The bread is where a lot of people have their real revelation. Fresh naan baked against the walls of a working tandoor puffs, chars at the edges, and develops a chewiness that packet naan or oven-baked versions don't come close to matching. It's not a side item here; it's a dish worth ordering deliberately and using properly to work through the rest of the meal.
The mixed tandoori grill is the best introduction if you're not sure where to start. It brings several items together on one plate and gives you a clear picture of what the oven can do.
How Do Spice Levels Work With Tandoori Dishes?
This is a question that comes up often, particularly for guests who aren't sure how tandoori food compares to curry-based dishes in terms of heat. The honest answer is that tandoori dishes tend to be more about flavour than fire, but the spice level is still something you can discuss with the team.
The marinade on most tandoori items includes spices that add warmth and complexity rather than outright heat. Tandoori chicken, for example, is typically in the mild to medium range depending on the kitchen. That said, your preference matters and the team will adjust things where possible based on what you're after.
For guests who are new to Indian food or cautious about spice, tandoori dishes are often a good place to start precisely because the flavour profile is rich and satisfying without requiring a high heat tolerance. For guests who want more fire in their meal, the curry section of the menu is probably where that's better served, but the two work well together as part of a larger shared table.
Can I Order Tandoori Food for Takeaway or Delivery?
Yes. Online ordering is available through the Spice n Ice website and through the mobile app, which is free to download on both the App Store and Google Play. Tandoori dishes travel reasonably well, though as with any freshly cooked food, they're at their best when eaten shortly after cooking rather than sitting for an extended period.
If you're ordering online and want to make sure your tandoori items are as close to fresh-from-the-oven as possible when they arrive, it's worth timing your order so the food isn't sitting for too long before you eat. The app makes this fairly straightforward once you've worked out your usual timing.
For anyone who hasn't tried ordering tandoori food to take away before: the char and texture hold up better than you might expect, particularly on the bread and the kebabs. The chicken benefits most from being eaten quickly, so if you're getting tandoori chicken as part of a larger order, that's the dish to prioritise once it's in front of you.
What's the Best Way to Experience the Full Tandoori Menu?

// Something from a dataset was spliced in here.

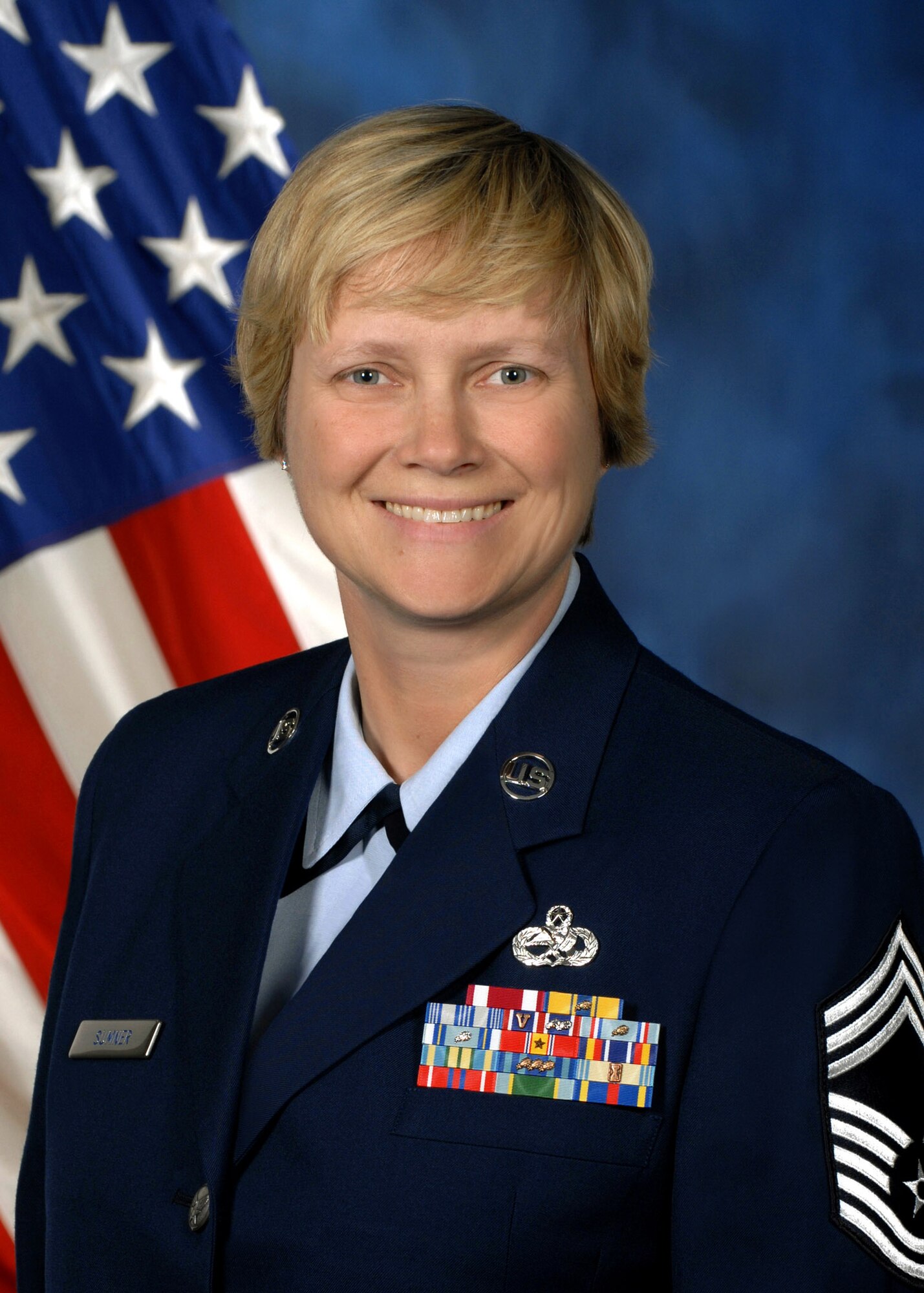 U.S. Air Force photo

Honestly, the mixed tandoori grill is the most practical answer to this question. It brings together several of the key dishes on one plate and gives you a proper tasting experience without having to order multiple separate items. It's a good choice for first-time visitors and for guests who want to work out which items they'll come back for next time.
Beyond the grill, a table that orders a couple of tandoori starters, fresh naan from the oven, and then moves into the curry section for mains tends to get the most out of what the kitchen can do. The bread is particularly good as an accompaniment to the richer curry sauces, and the contrast between the dry heat of the tandoor on the starters and the depth of a slow-cooked curry on the main makes for a well-rounded meal.

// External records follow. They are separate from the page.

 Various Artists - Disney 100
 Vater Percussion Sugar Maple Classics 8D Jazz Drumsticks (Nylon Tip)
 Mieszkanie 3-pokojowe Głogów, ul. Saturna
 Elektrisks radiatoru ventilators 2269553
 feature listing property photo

If you're unsure what to order, ask the team. They know the menu properly and will point you toward the dishes that are worth your attention based on what you're in the mood for.
Frequently Asked Questions
Yes. The tandoor is a working part of our kitchen and is used throughout every dinner service. Tandoori dishes listed on the menu are genuinely cooked in the clay oven, not on a grill or in a conventional oven.